Seneca – La felicità non dipende dal benessere materiale

SENECA, Lettere a Lucilio, 62/65 d.C.

Non è felice, credimi, chi dipende dal benessere materiale. Poggia su fragili basi e gode di beni che vengono dal di fuori: la gioia, come è venuta, se ne andrà. Quella che scaturisce dall’intimo, invece, è durevole e stabile, cresce e ci accompagna fino all’ultimo: gli altri beni, apprezzati dalla massa, durano un giorno. “Ma come? Non possono essere utili e piacevoli?” Chi dice di no? Ma solo se dipendono loro da noi, non noi da loro.

Tutti i beni soggetti alla fortuna diventano fruttuosi e gradevoli, se chi li possiede, possiede anche se stesso e non è in balia delle cose. È un errore, Lucilio mio, pensare che la fortuna ci concede o il bene o il male: essa ci dà materia di bene e di male e i fondamenti di quello che si tradurrà per noi in male o in bene.

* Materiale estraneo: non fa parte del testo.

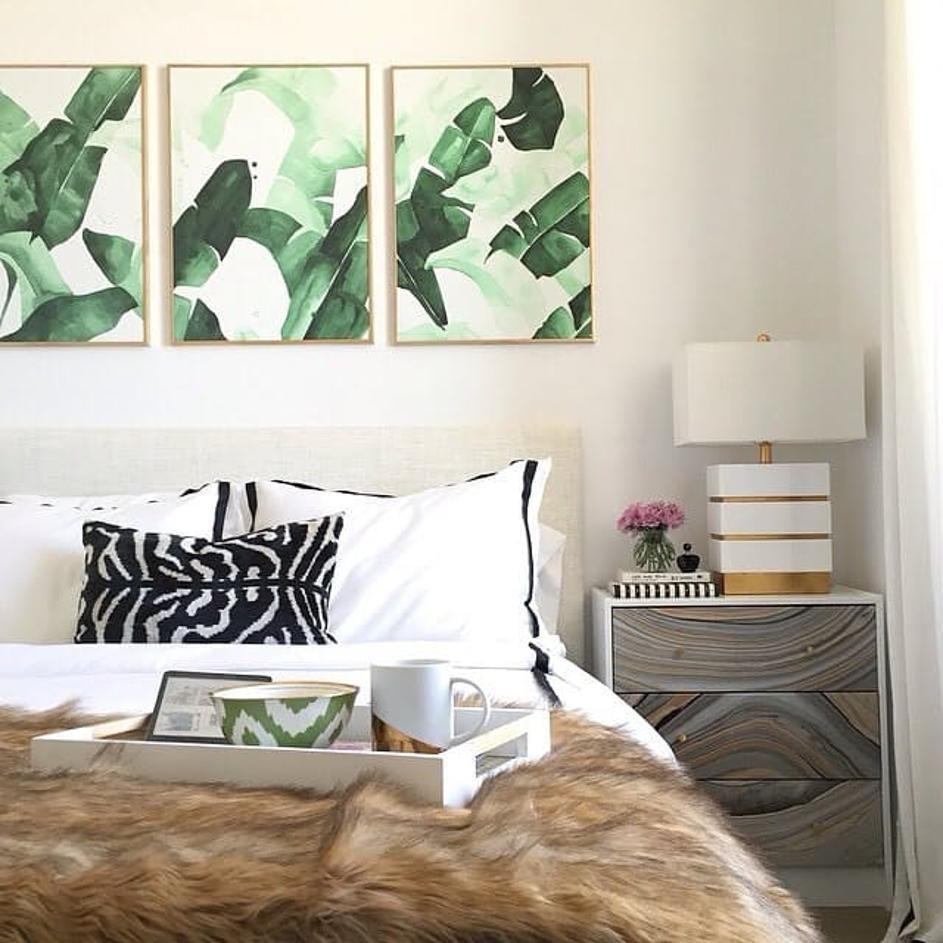 A bedroom with a cozy bed and three frames above it with green palm leaves wallpaper.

L’anima è più forte di ogni fortuna, indirizza da sé le cose in un senso o nell’altro ed è causa della propria felicità o infelicità.

Se è malvagia volge tutto in male, anche quello che appariva ottimo; se è virtuosa e pura, corregge i mali della fortuna, addolcisce le difficoltà, gli affanni e sa sopportarli, accoglie la prosperità con gratitudine e moderazione, l’avversità con fermezza e coraggio. Ma sebbene sia saggia e agisca sempre ponderatamente, sebbene non tenti nulla al di sopra delle sue forze, non raggiungerà mai quel bene incorrotto, che non conosce minacce, se non si erge salda contro i capricci della fortuna.

Se osserverai gli altri – giudichiamo più serenamente quando non si tratta di noi – o te stesso, cercando di essere obiettivo, ti accorgerai e dovrai ammettere che delle cose desiderabili e gradite nessuna è utile se non sarai pronto ad affrontare la volubilità del caso e dei beni che seguono il caso, se ad ogni male non ripeterai, spesso, senza lamentarti queste parole: gli dèi hanno deciso diversamente.